__WORK TASK__. Pictures aside, repeat every record below exactly.
---------- EXCERPTED DATA ----------
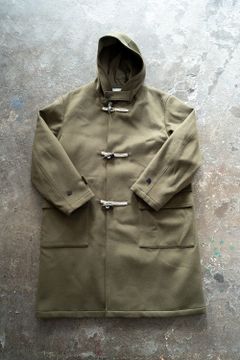 Still By Hand ラスト1点 21aw メルトンシンサレートダッフルコート Olive Salty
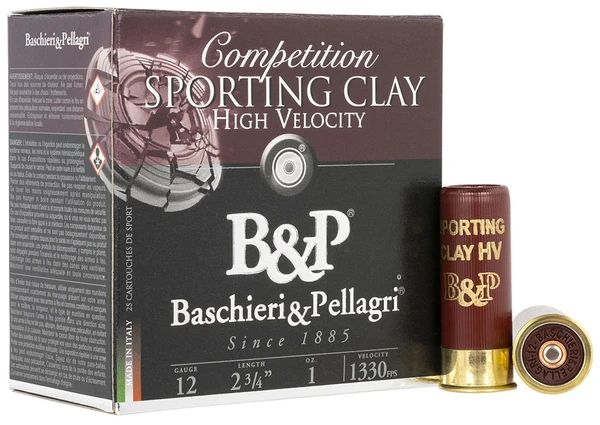 B&P Sporting Clay High Velocity 12 GA, 2-3/4in. 1oz. #8 Shot - 25 rounds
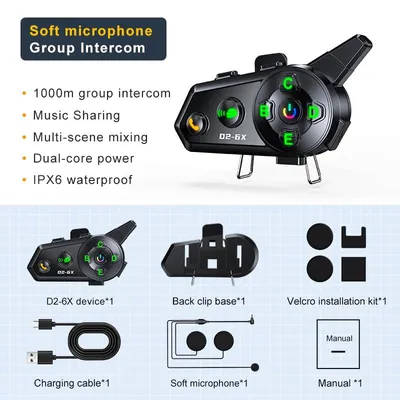 Produktbild von Motorradhelm-Bluetooth-Headset für 6 Personen, Wechsel-Gegensprechanlage, Reichweite 1000 Meter, kabellose Gegensprechanlage, weiches Mikrofon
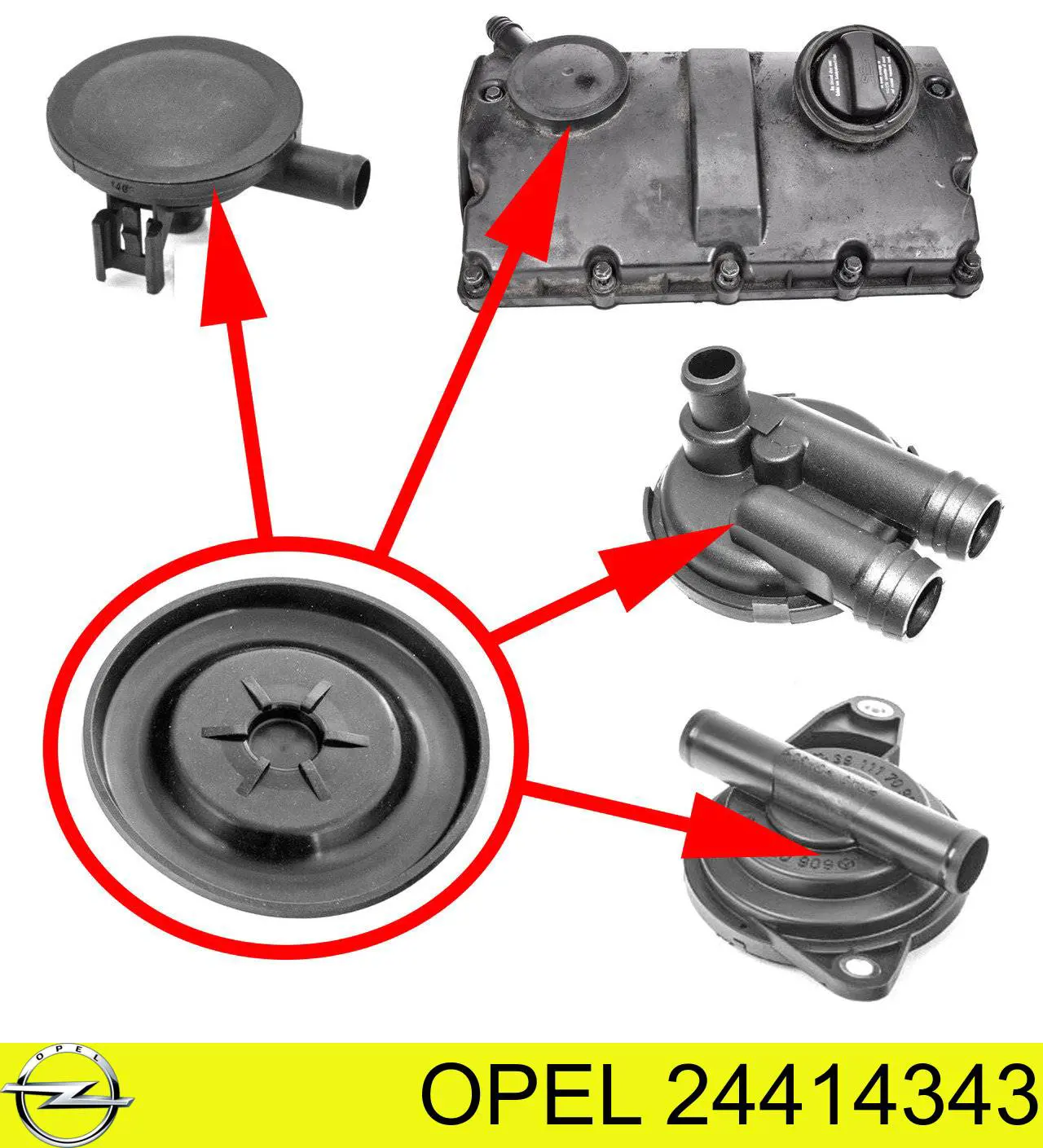 24414343 Opel Válvula PCV de ventilação dos gases de cárter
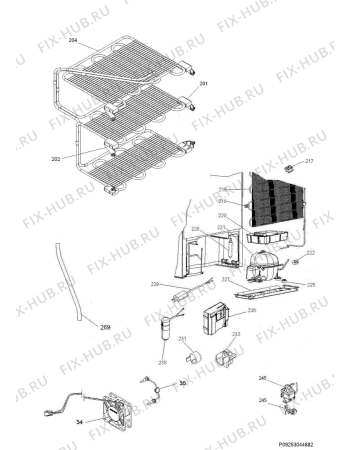 Взрыв-схема холодильника Electrolux IK255TR11R - Схема узла Cooling system 017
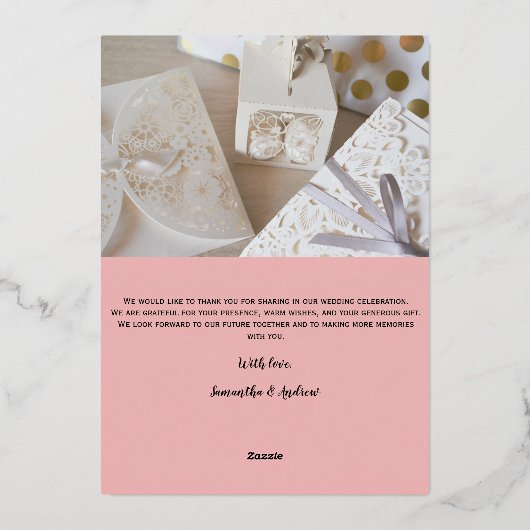 Modern script 2 foto bruiloft bedankt je kaart (Achterkant)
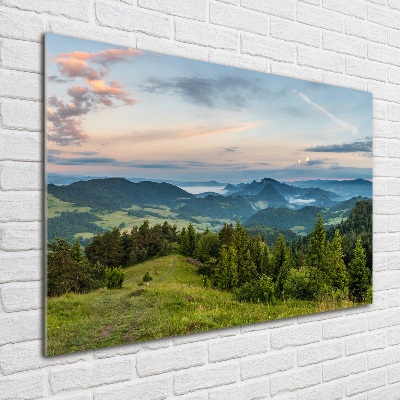 Tableau imprimé sur verre Panorama de Pieniny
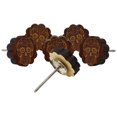 thumbnail image 3 of IBA Indianbeautifulart Brown Skull Engraved Wooden Wardrobe Knobs Cabinet Drawer Pull 10 Pcs, 3 of 3
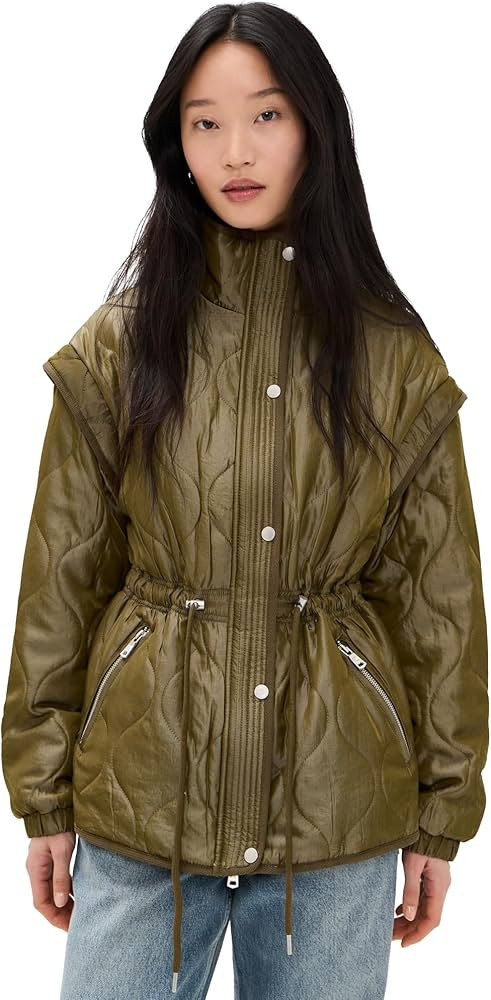 Avec Les Filles Womens, Quilted Jacket with Drawstring, Seagrass, X-Large | Amazon (US)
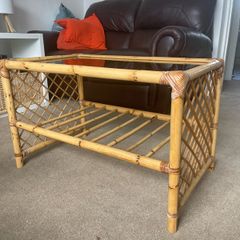 Vintage Bamboo and Rattan Coffee Table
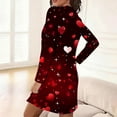 thumbnail image 6 of Censtreet Nightgowns for Women Long Sleeve Night Gown Soft Sleep Shirts Women's Sleepwear Heart Print Sleep Dress, 6 of 6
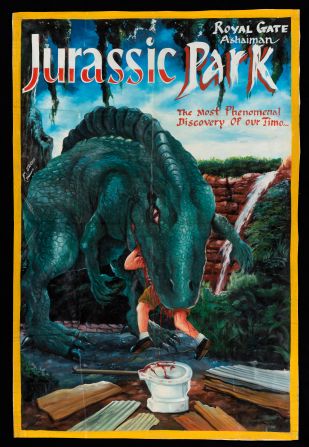 This poster for "Jurassic Park" depicts an iconic scene from the movie.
----------
__RESULT FOR THIS EXERCISE__.
 Still By Hand ラスト1点 21aw メルトンシンサレートダッフルコート Olive Salty
 B&P Sporting Clay High Velocity 12 GA, 2-3/4in. 1oz. #8 Shot - 25 rounds
 Produktbild von Motorradhelm-Bluetooth-Headset für 6 Personen, Wechsel-Gegensprechanlage, Reichweite 1000 Meter, kabellose Gegensprechanlage, weiches Mikrofon
 24414343 Opel Válvula PCV de ventilação dos gases de cárter
 Взрыв-схема холодильника Electrolux IK255TR11R - Схема узла Cooling system 017
 Modern script 2 foto bruiloft bedankt je kaart (Achterkant)
 Tableau imprimé sur verre Panorama de Pieniny
 thumbnail image 3 of IBA Indianbeautifulart Brown Skull Engraved Wooden Wardrobe Knobs Cabinet Drawer Pull 10 Pcs, 3 of 3
 Avec Les Filles Womens, Quilted Jacket with Drawstring, Seagrass, X-Large | Amazon (US)
 Vintage Bamboo and Rattan Coffee Table
 thumbnail image 6 of Censtreet Nightgowns for Women Long Sleeve Night Gown Soft Sleep Shirts Women's Sleepwear Heart Print Sleep Dress, 6 of 6
 This poster for "Jurassic Park" depicts an iconic scene from the movie.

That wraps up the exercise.